§ THE TASK:
Below are the records; give again exactly the line with "Used 2022 Ford", the line with "Игра PS4 Hatsune", and each line that lies between them, and nothing besides.

§ RECORD EXCERPTS:
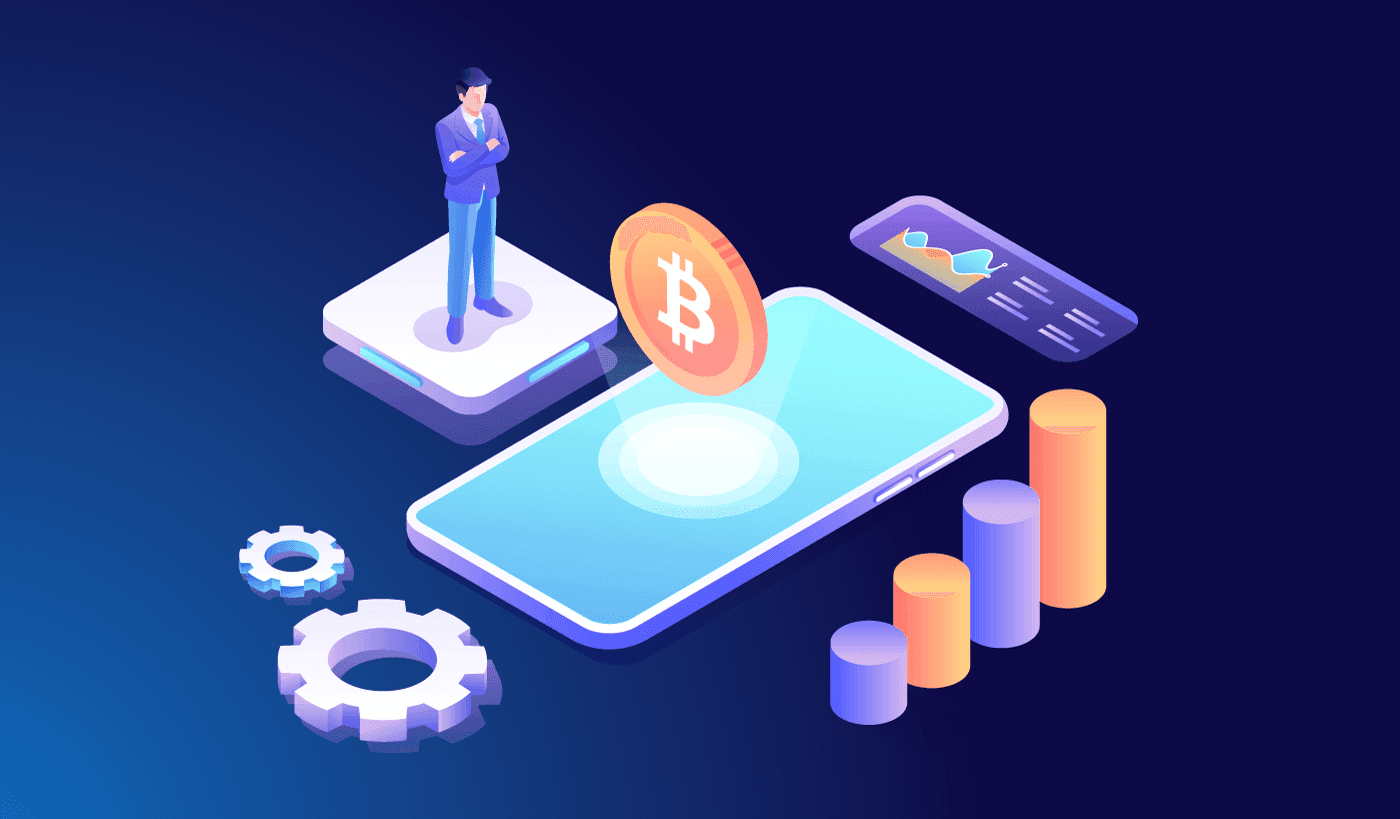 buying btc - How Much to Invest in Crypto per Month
...
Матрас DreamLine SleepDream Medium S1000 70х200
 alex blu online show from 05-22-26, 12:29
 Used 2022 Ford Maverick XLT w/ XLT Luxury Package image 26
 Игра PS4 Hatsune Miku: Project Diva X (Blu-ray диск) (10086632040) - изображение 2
==
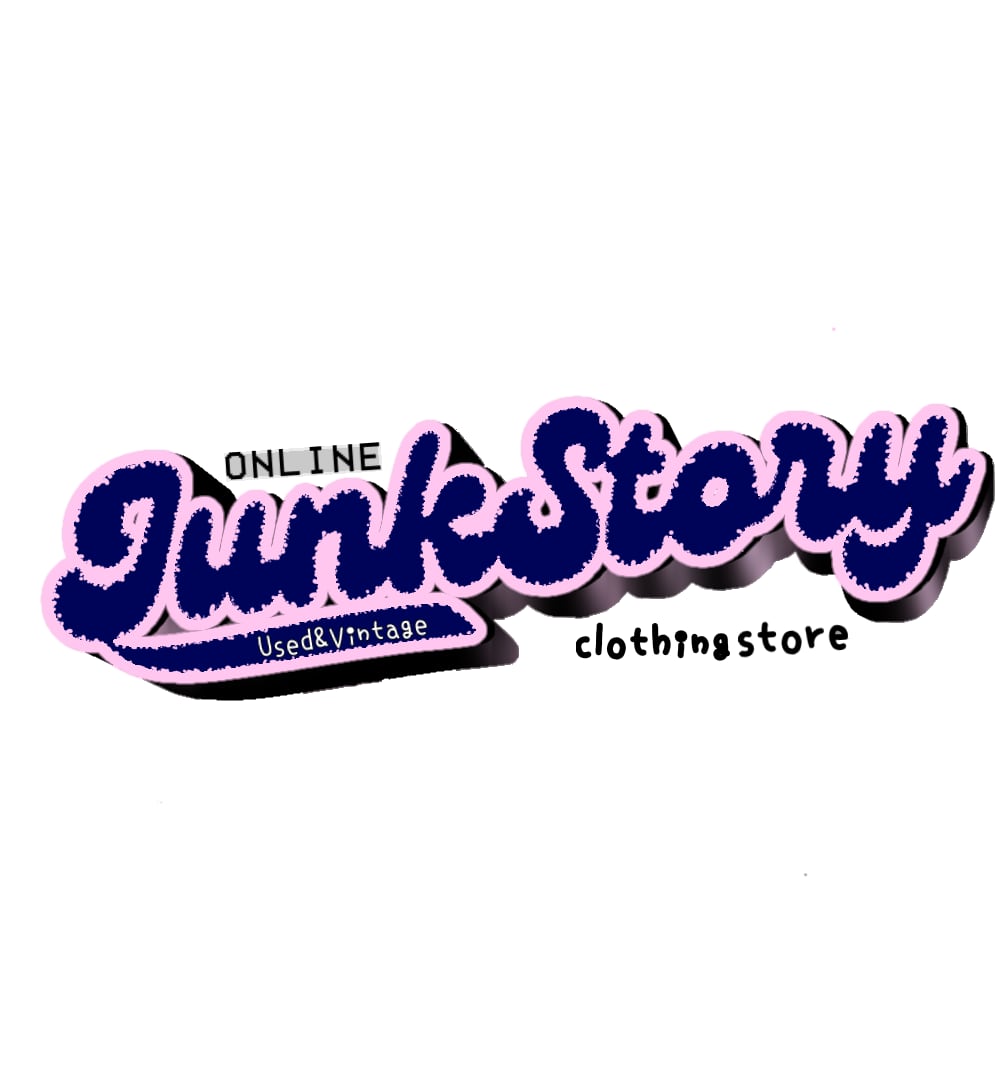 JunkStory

§ RESULT FOR THIS TASK:
 Used 2022 Ford Maverick XLT w/ XLT Luxury Package image 26
 Игра PS4 Hatsune Miku: Project Diva X (Blu-ray диск) (10086632040) - изображение 2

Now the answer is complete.